ACTION ITEM - In the records below, find the line containing "Herren Kurzarmhemd mit" and repeat it and every line after it exactly, without pictures.
=== Begin Enclosure ===
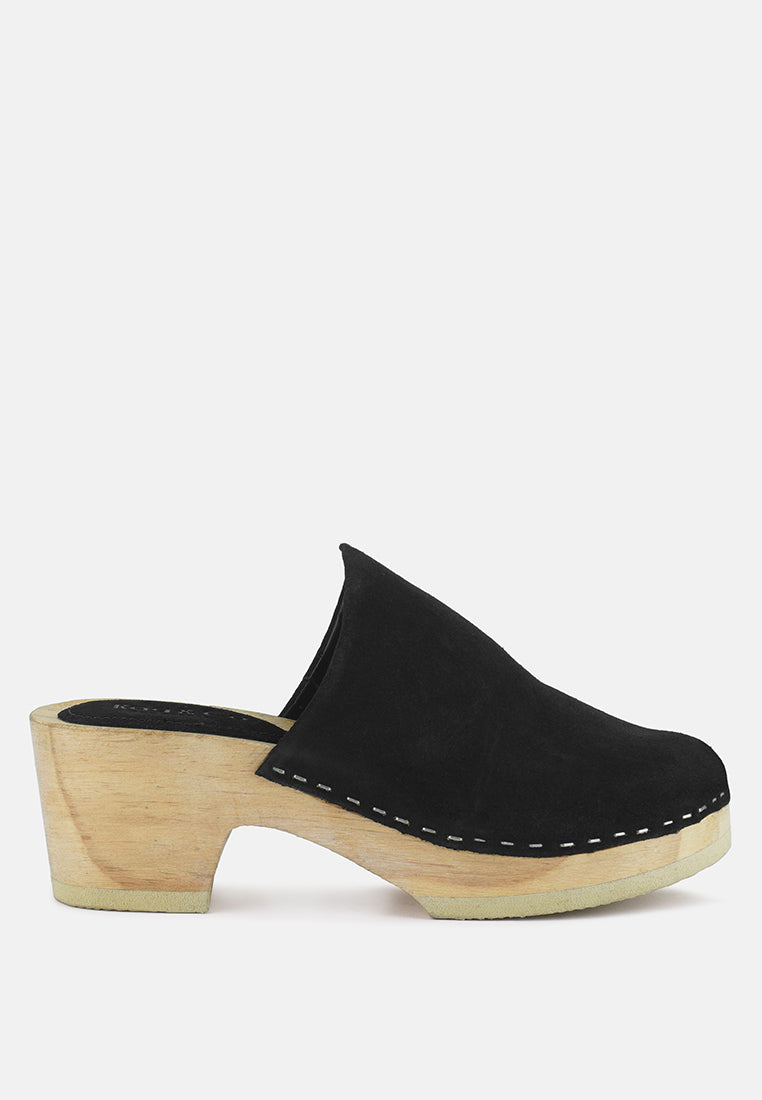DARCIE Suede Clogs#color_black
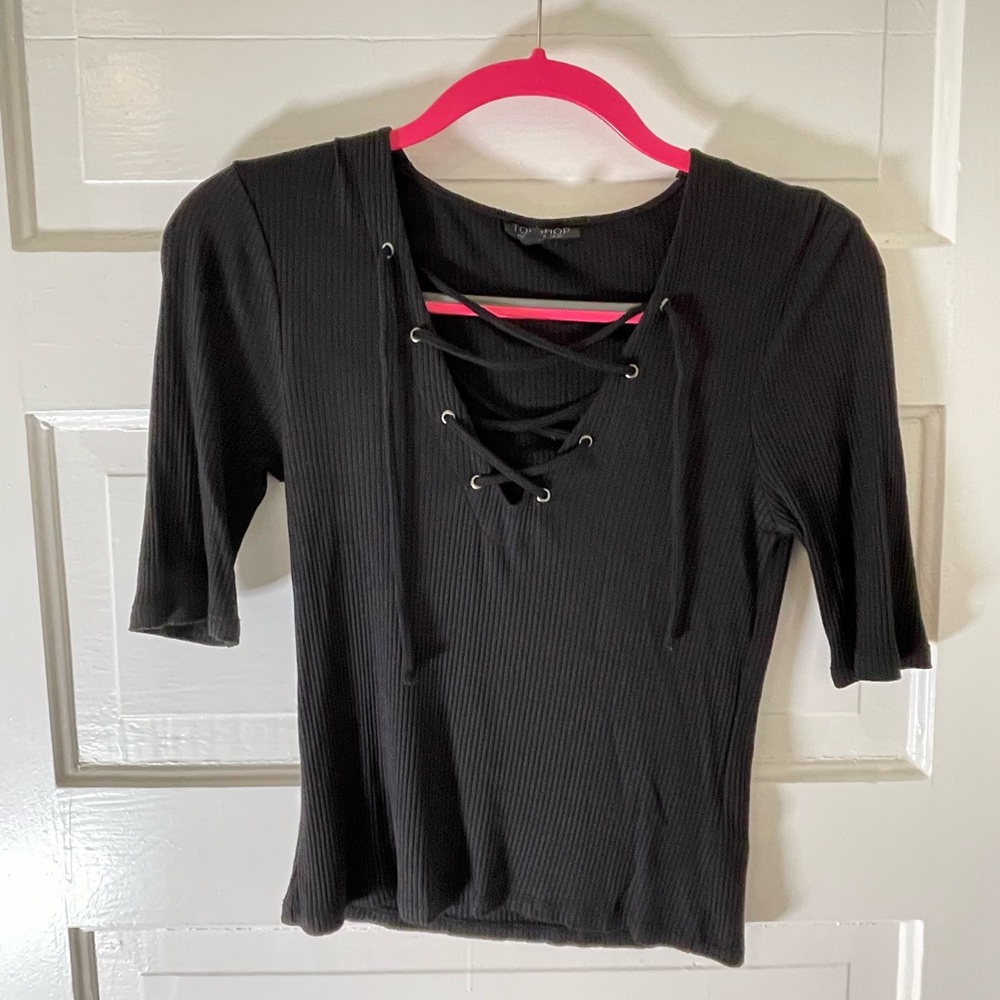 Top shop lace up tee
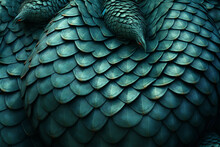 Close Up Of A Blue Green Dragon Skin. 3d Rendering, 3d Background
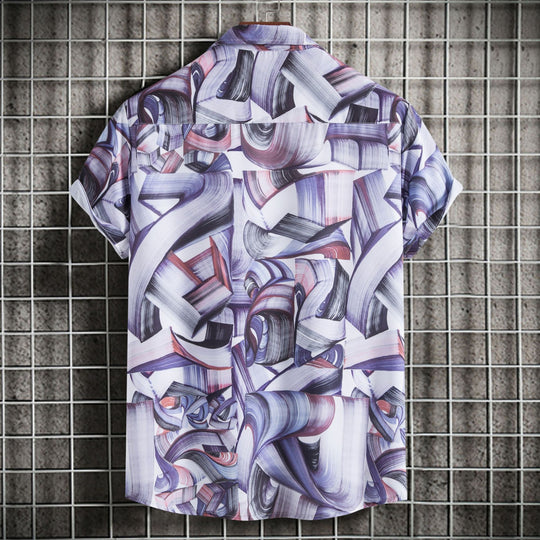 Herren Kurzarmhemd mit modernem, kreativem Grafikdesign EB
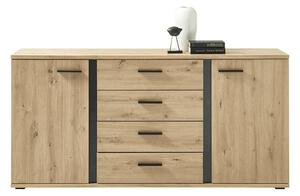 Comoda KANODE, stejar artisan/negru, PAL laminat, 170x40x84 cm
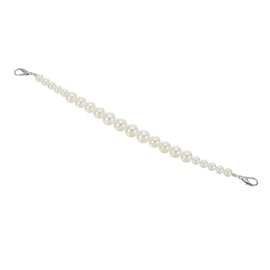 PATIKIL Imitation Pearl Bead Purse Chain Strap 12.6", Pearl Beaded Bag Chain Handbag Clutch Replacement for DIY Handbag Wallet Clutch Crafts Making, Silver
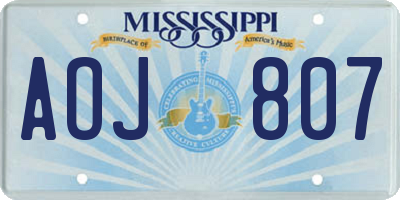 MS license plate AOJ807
=== End Enclosure ===
SOLUTION TO THE EXERCISE -
 Herren Kurzarmhemd mit modernem, kreativem Grafikdesign EB
 Comoda KANODE, stejar artisan/negru, PAL laminat, 170x40x84 cm
 PATIKIL Imitation Pearl Bead Purse Chain Strap 12.6", Pearl Beaded Bag Chain Handbag Clutch Replacement for DIY Handbag Wallet Clutch Crafts Making, Silver
 MS license plate AOJ807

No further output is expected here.